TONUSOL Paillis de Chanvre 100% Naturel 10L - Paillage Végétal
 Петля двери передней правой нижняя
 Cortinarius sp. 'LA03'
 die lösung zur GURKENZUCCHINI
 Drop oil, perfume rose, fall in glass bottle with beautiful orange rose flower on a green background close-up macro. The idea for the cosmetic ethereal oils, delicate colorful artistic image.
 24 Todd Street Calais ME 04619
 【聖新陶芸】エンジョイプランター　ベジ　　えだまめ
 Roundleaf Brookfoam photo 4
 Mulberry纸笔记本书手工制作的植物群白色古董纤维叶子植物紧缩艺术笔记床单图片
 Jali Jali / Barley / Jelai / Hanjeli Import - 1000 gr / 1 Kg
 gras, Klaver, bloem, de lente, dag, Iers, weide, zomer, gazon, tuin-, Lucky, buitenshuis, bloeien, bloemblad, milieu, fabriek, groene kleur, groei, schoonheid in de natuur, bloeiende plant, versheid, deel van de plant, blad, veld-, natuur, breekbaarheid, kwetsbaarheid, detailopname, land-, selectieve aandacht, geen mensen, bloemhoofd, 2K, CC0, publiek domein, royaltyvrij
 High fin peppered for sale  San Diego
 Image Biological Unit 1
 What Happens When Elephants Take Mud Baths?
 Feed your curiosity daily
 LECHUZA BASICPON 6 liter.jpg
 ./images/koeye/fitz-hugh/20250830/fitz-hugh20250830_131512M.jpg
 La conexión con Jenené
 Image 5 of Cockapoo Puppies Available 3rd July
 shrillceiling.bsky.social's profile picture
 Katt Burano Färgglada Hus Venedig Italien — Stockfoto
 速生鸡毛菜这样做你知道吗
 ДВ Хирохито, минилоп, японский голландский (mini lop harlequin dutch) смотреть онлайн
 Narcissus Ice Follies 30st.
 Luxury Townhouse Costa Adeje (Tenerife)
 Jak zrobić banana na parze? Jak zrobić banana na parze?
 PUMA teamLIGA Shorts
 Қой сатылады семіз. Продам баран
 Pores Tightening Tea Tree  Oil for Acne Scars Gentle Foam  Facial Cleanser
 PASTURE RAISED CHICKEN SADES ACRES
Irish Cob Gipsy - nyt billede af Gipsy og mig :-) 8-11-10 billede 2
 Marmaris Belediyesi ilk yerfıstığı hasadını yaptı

========

#### Try it
Please reproduce every record shown above, exactly as written.

#### Solution to the problem
TONUSOL Paillis de Chanvre 100% Naturel 10L - Paillage Végétal
 Петля двери передней правой нижняя
 Cortinarius sp. 'LA03'
 die lösung zur GURKENZUCCHINI
 Drop oil, perfume rose, fall in glass bottle with beautiful orange rose flower on a green background close-up macro. The idea for the cosmetic ethereal oils, delicate colorful artistic image.
 24 Todd Street Calais ME 04619
 【聖新陶芸】エンジョイプランター　ベジ　　えだまめ
 Roundleaf Brookfoam photo 4
 Mulberry纸笔记本书手工制作的植物群白色古董纤维叶子植物紧缩艺术笔记床单图片
 Jali Jali / Barley / Jelai / Hanjeli Import - 1000 gr / 1 Kg
 gras, Klaver, bloem, de lente, dag, Iers, weide, zomer, gazon, tuin-, Lucky, buitenshuis, bloeien, bloemblad, milieu, fabriek, groene kleur, groei, schoonheid in de natuur, bloeiende plant, versheid, deel van de plant, blad, veld-, natuur, breekbaarheid, kwetsbaarheid, detailopname, land-, selectieve aandacht, geen mensen, bloemhoofd, 2K, CC0, publiek domein, royaltyvrij
 High fin peppered for sale  San Diego
 Image Biological Unit 1
 What Happens When Elephants Take Mud Baths?
 Feed your curiosity daily
 LECHUZA BASICPON 6 liter.jpg
 ./images/koeye/fitz-hugh/20250830/fitz-hugh20250830_131512M.jpg
 La conexión con Jenené
 Image 5 of Cockapoo Puppies Available 3rd July
 shrillceiling.bsky.social's profile picture
 Katt Burano Färgglada Hus Venedig Italien — Stockfoto
 速生鸡毛菜这样做你知道吗
 ДВ Хирохито, минилоп, японский голландский (mini lop harlequin dutch) смотреть онлайн
 Narcissus Ice Follies 30st.
 Luxury Townhouse Costa Adeje (Tenerife)
 Jak zrobić banana na parze? Jak zrobić banana na parze?
 PUMA teamLIGA Shorts
 Қой сатылады семіз. Продам баран
 Pores Tightening Tea Tree  Oil for Acne Scars Gentle Foam  Facial Cleanser
 PASTURE RAISED CHICKEN SADES ACRES
Irish Cob Gipsy - nyt billede af Gipsy og mig :-) 8-11-10 billede 2
 Marmaris Belediyesi ilk yerfıstığı hasadını yaptı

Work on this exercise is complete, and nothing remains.